Obama Goes to Work on 'Don't Ask, Don't Tell'

Human Rights

During the presidential campaign, Barack Obama acknowledged his intention to scrap "Don't Ask, Don't Tell." In January, Robert Gibbs reiterated the president's support for ending the ineffective and discriminatory policy.

And today, we learn that the White House has at least started a review process, though it's not entirely clear what kind of timeline may be in place.

The White House says President Barack Obama has begun consulting his top defense advisers on how to lift a ban on gays serving openly in the military.

"The president supports changing 'Don't Ask, Don't Tell," [White House spokesman Tommy Vietor] said in the e-mailed statement.

"As part of a long-standing pledge," Obama has begun consulting closely with Defense Secretary Robert Gates and Joint Chiefs of Staff Chairman Adm.
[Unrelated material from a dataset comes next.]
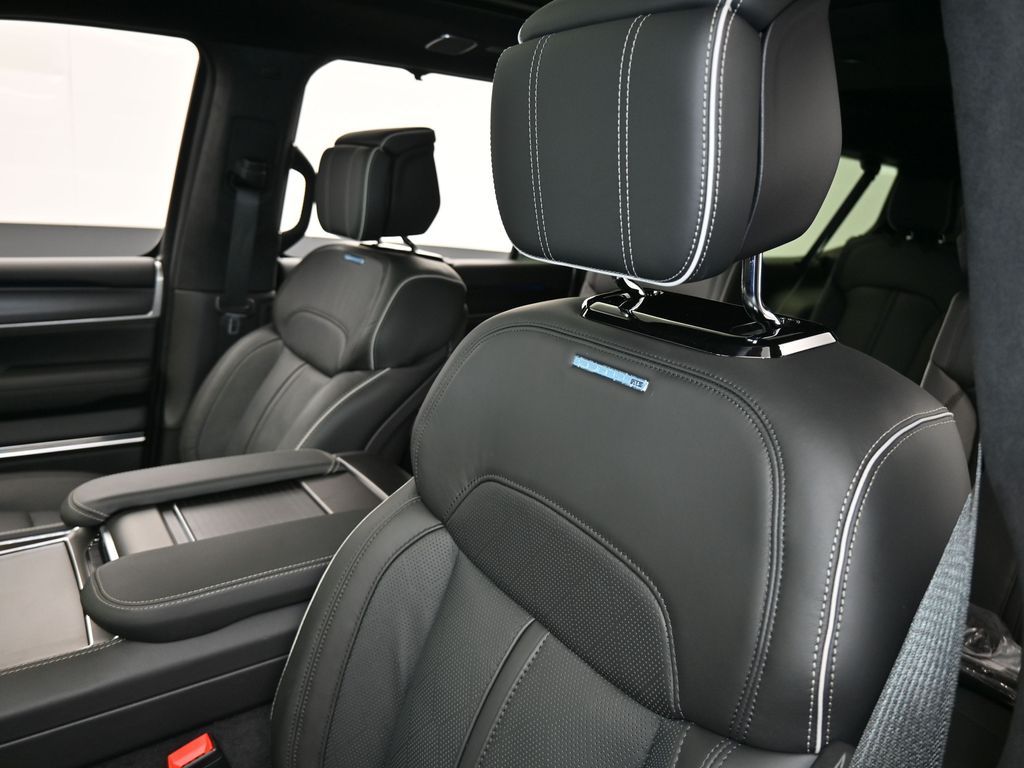 2024 Jeep Grand Wagoneer L II photo 13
Michael Mullen "so that this change is done in a sensible way that strengthens our armed forces and our national security," Vietor said.

That sounds relatively encouraging, but it would be even better if we had a sense of how long the review process is going to take. Indeed, the question itself isn't that complicated: should well-trained, physically-fit, law-abiding, patriotic American volunteers be allowed to serve in the military, regardless of sexual orientation, or not? Do we want to discharge capable U.S. servicemen and women in the midst of two wars, based on nothing but their sexual orientation, or is military readiness a higher priority than some misguided culture war?